Blindness Didn’t Blur His Vision for Success
- Hits: 1633
02 December 2010
By Anahita Mukherji
Breaking records is almost a way of life for 30–year–old Mumbai boyAshish Goyal. He was the first blind student to make it to Wharton Business School, Philadelphia, four years ago. If that isn’t enough, Ashish cleared his MBA with honours and went on to win the Joseph P Wharton award, given to one student every year who symbolizes Wharton’s way of life.
Ashish, who now lives in London, is the first blind trader at J P Morgan, and possibly in any bank anywhere in the world.
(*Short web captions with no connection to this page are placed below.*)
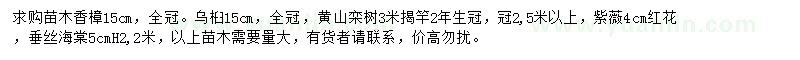 求購香樟、烏桕、黃山欒樹等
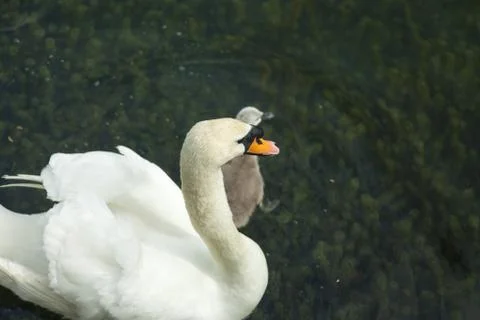 Swans in a pond Stock Photos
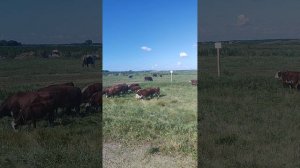 Еду за коровами,пасутся на проезжей части.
His near–impossible feat has earned him the National Award for the Empowerment of Persons with Disabilities, 2010, an honour that he will receive at the hands of the President of India this week.
"I hope this award helps the world recognize that, given the right set of opportunities and encouragement, people like me can live out their ambitions and lead ordinary lives,” says Ashish. In his case, he’s achieved more than most ordinary people do.
Ashish, who was born with perfect vision, suffers from a disease called retinitis pigmentosa, which robbed him of his sight after the age of 15. He did not lose his vision at one go, but gradually went blind over a period of three years. By18, he couldn’t see anything at all.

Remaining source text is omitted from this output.